(Dataset excerpts)
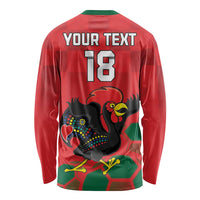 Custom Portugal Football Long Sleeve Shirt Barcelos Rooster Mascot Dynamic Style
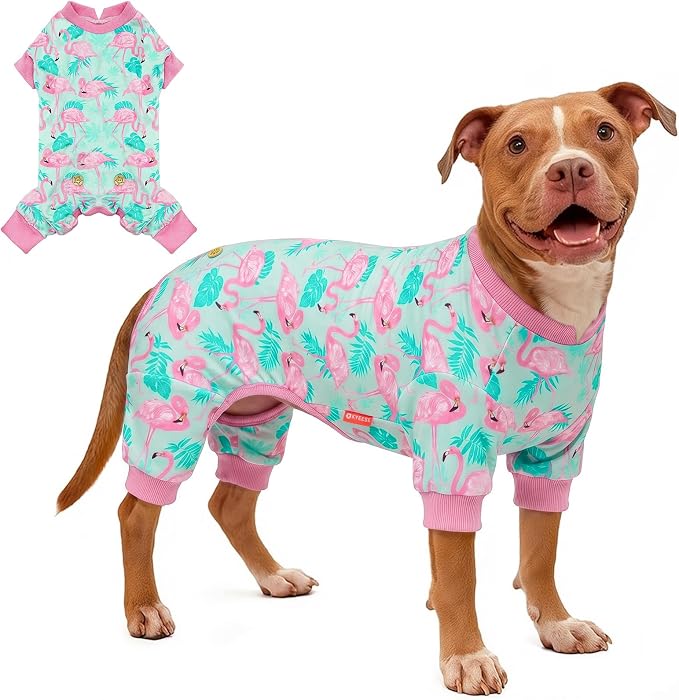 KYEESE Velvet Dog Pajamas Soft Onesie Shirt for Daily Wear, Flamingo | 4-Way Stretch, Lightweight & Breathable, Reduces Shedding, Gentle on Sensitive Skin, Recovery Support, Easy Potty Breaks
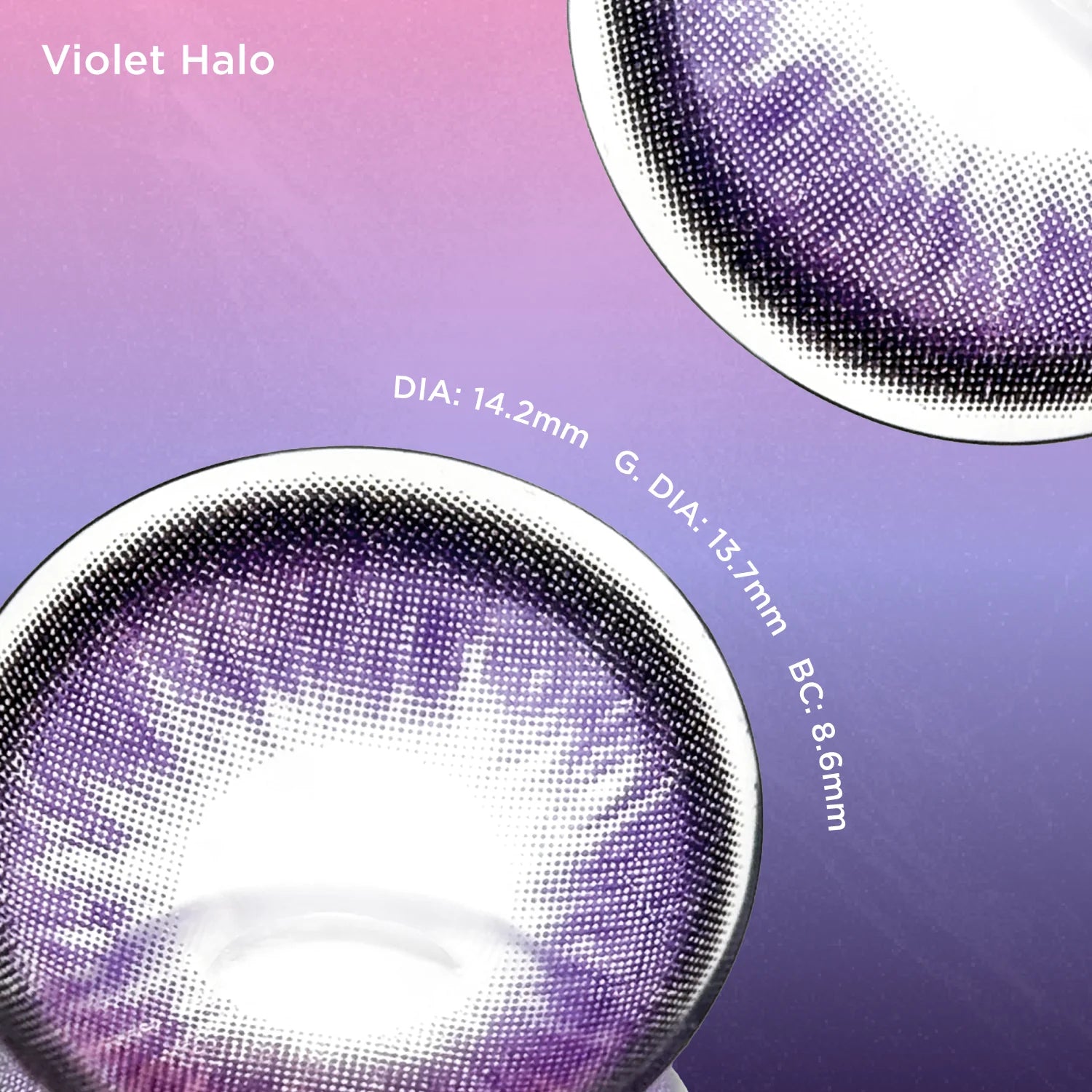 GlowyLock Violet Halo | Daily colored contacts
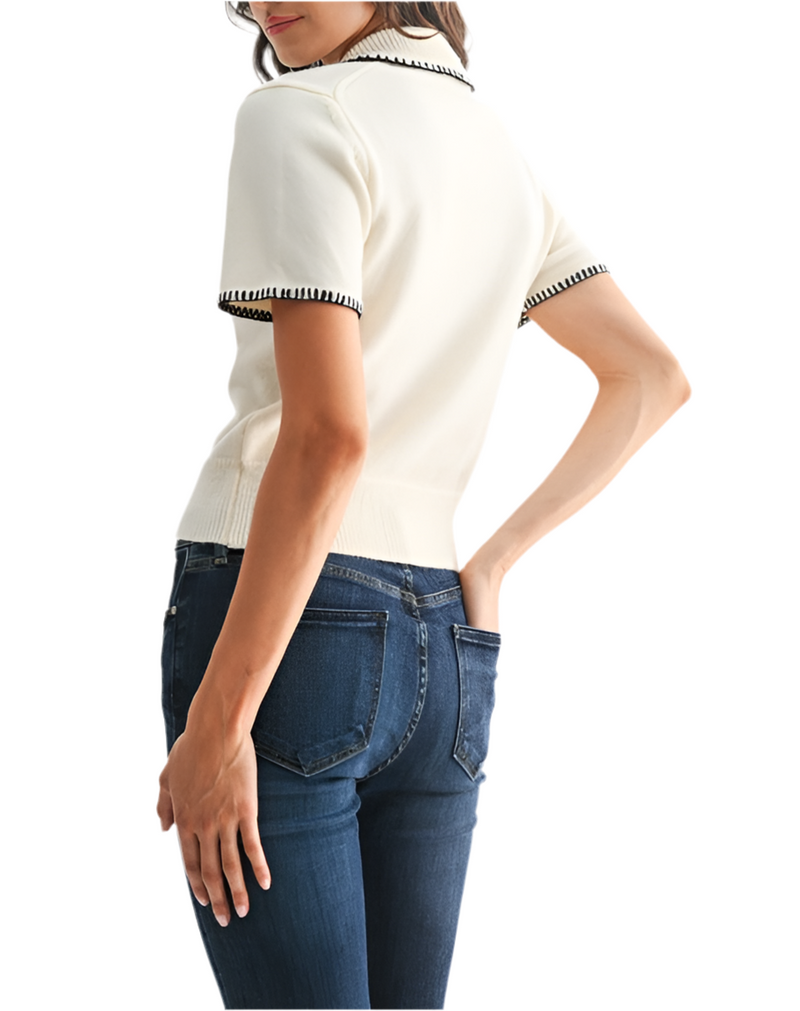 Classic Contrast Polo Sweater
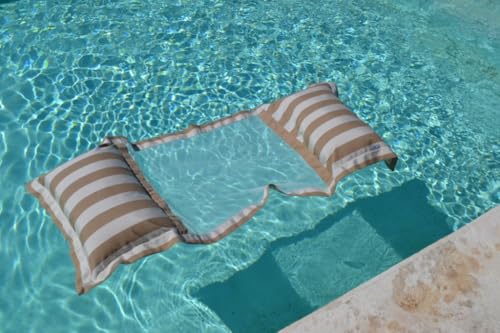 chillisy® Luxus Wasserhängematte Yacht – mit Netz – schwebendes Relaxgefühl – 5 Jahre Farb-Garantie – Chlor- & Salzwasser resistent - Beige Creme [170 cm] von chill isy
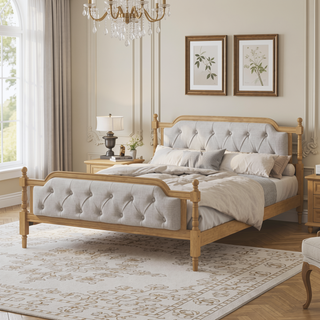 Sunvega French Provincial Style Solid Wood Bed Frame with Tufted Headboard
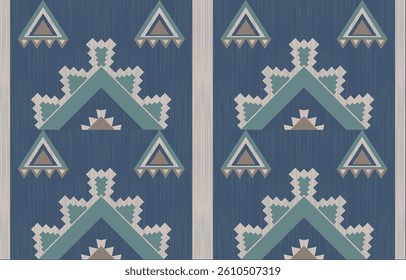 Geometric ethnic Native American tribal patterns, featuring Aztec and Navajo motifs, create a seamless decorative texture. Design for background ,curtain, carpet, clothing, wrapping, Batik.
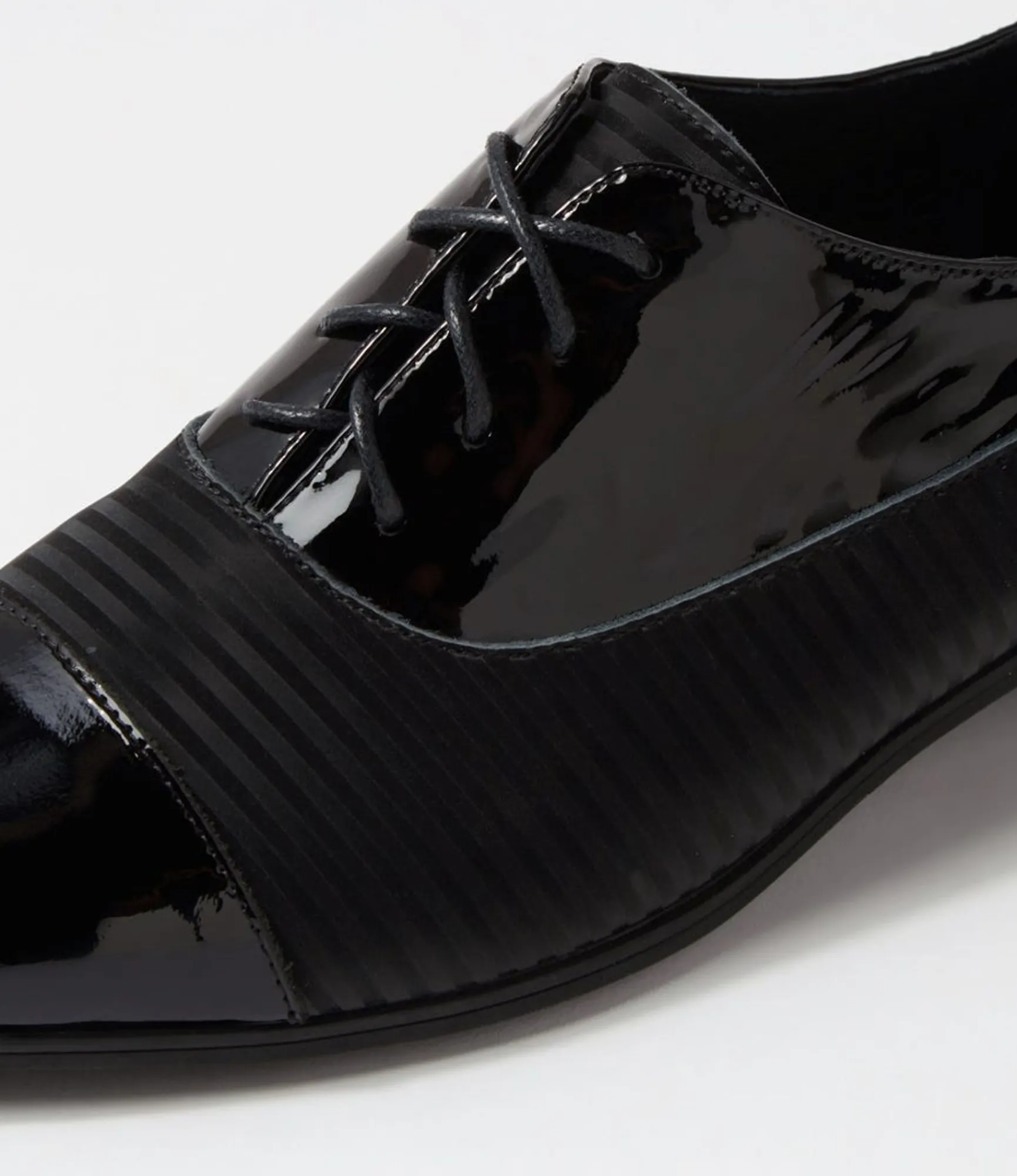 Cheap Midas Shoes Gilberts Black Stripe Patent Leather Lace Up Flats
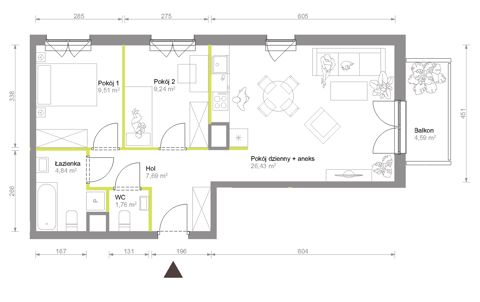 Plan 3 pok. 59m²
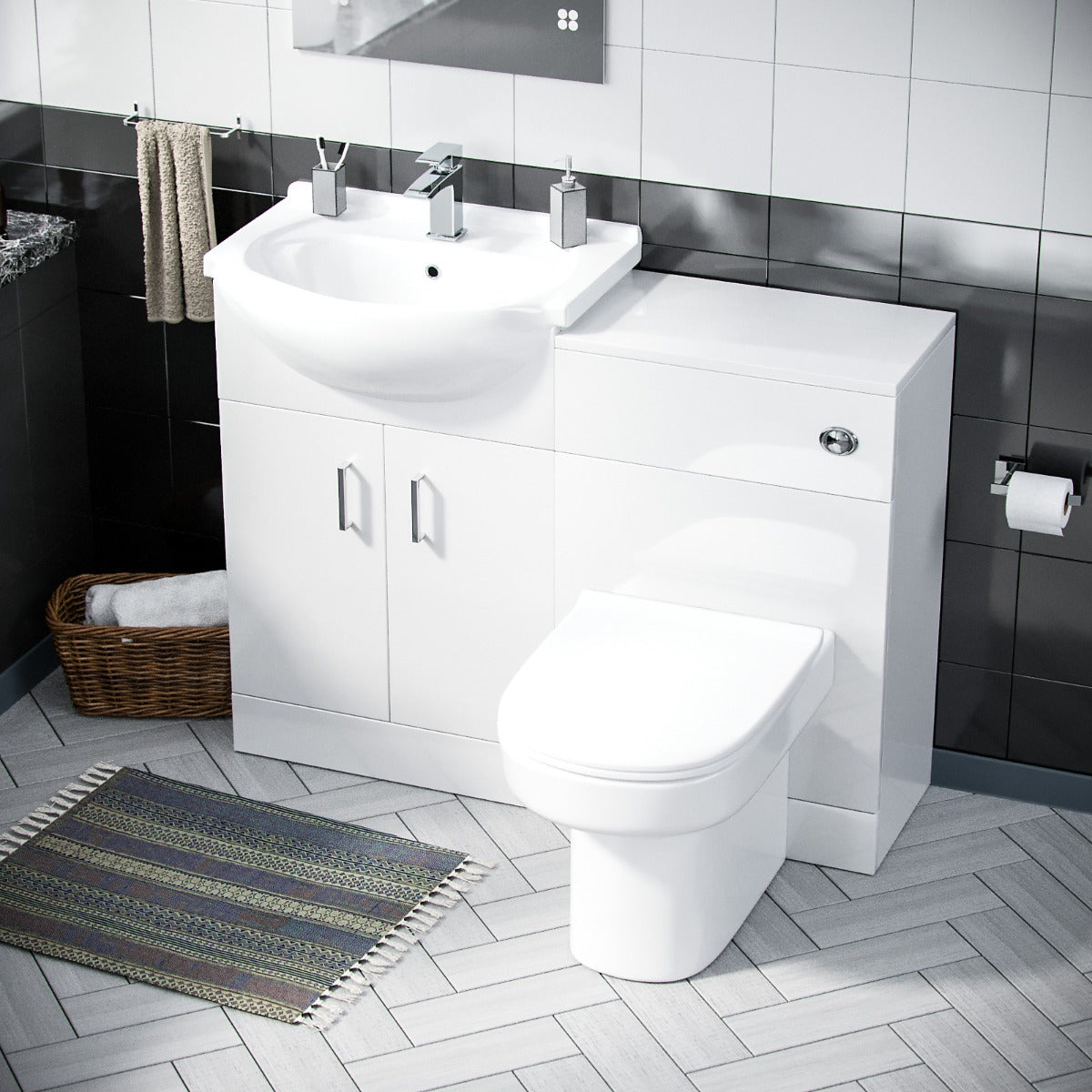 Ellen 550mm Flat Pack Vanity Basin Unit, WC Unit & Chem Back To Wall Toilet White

*Assignment*. Before answering, find the line with "KYEESE Velvet Dog" in the records above; then reproduce exactly each line from the first through that line, leaving out pictures.

*Response*.
 Custom Portugal Football Long Sleeve Shirt Barcelos Rooster Mascot Dynamic Style
 KYEESE Velvet Dog Pajamas Soft Onesie Shirt for Daily Wear, Flamingo | 4-Way Stretch, Lightweight & Breathable, Reduces Shedding, Gentle on Sensitive Skin, Recovery Support, Easy Potty Breaks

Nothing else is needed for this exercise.